DIRECTIONS FOR THIS TASK: Using the entries that follow, transcribe only the lines from the line with "Detail of blue" to the line with "empty room with", both included, exactly as they stand and without pictures.

[RECORDS Boundary: Start]

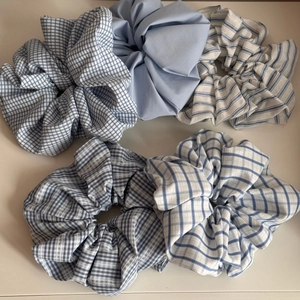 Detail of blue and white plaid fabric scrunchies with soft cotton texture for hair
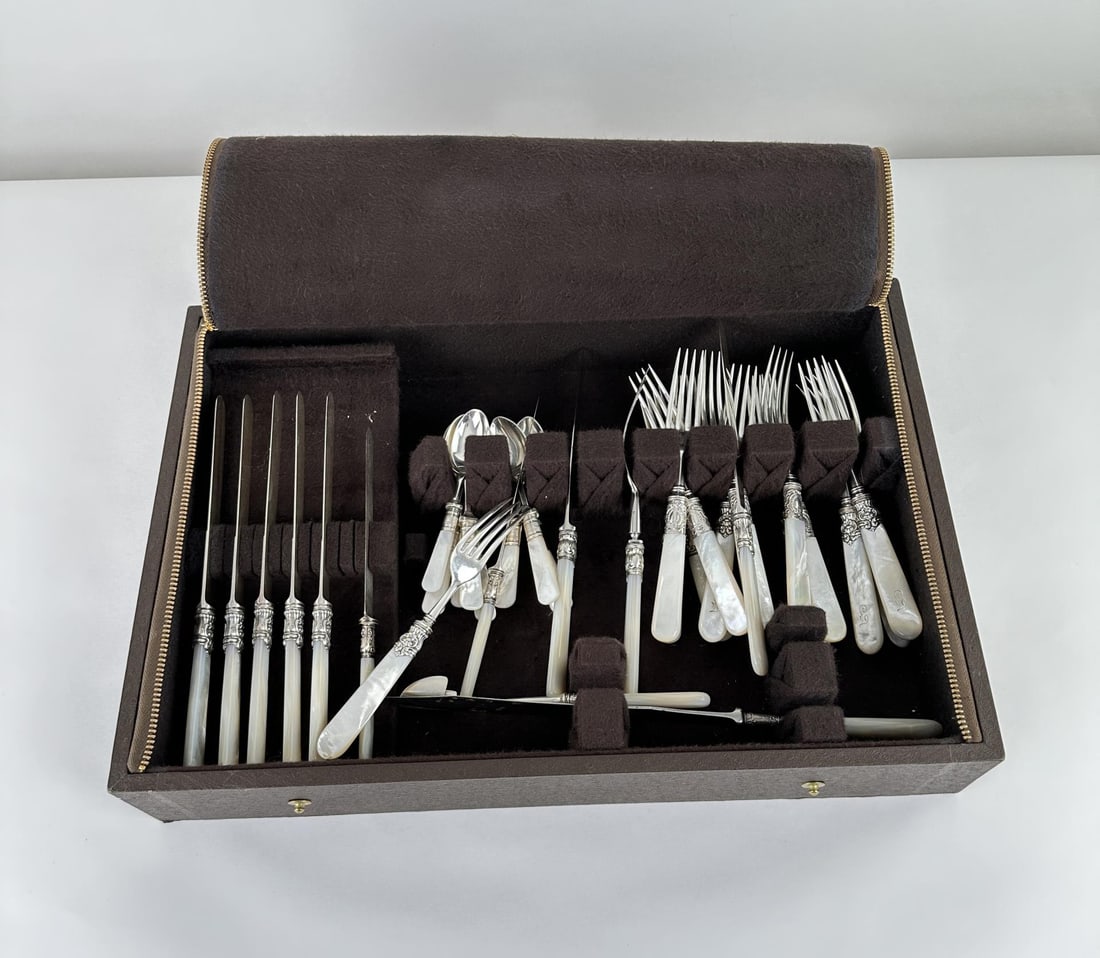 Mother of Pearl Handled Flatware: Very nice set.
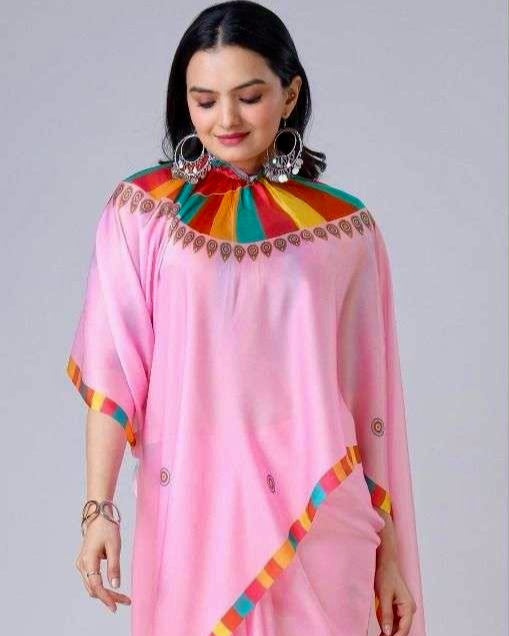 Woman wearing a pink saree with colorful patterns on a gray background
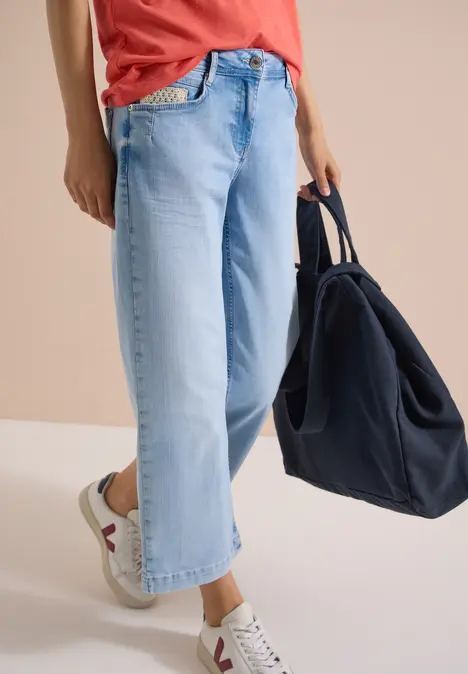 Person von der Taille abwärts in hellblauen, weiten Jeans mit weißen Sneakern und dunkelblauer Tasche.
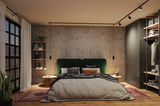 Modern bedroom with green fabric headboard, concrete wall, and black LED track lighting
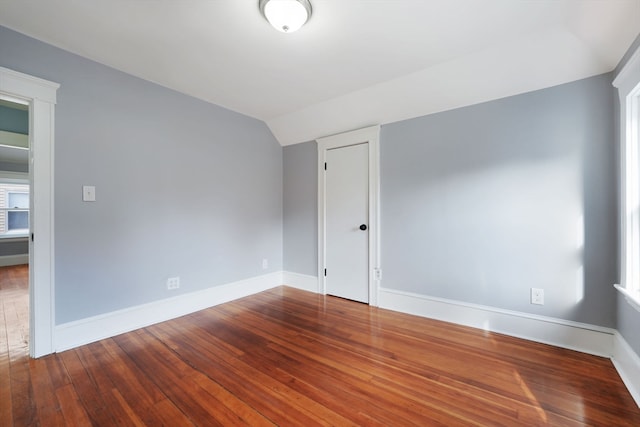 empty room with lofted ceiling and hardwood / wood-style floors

[RECORDS Boundary: End]
[RECORDS Boundary: Start]

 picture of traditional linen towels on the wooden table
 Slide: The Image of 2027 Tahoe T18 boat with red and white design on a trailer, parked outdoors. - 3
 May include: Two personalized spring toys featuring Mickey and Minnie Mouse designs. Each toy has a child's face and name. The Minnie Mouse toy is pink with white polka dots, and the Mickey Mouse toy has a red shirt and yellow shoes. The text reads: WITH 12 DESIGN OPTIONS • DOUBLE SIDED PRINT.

[RECORDS Boundary: End]

PROBLEM SOLUTION:
 Detail of blue and white plaid fabric scrunchies with soft cotton texture for hair
 Mother of Pearl Handled Flatware: Very nice set.
 Woman wearing a pink saree with colorful patterns on a gray background
 Person von der Taille abwärts in hellblauen, weiten Jeans mit weißen Sneakern und dunkelblauer Tasche.
 Modern bedroom with green fabric headboard, concrete wall, and black LED track lighting
 empty room with lofted ceiling and hardwood / wood-style floors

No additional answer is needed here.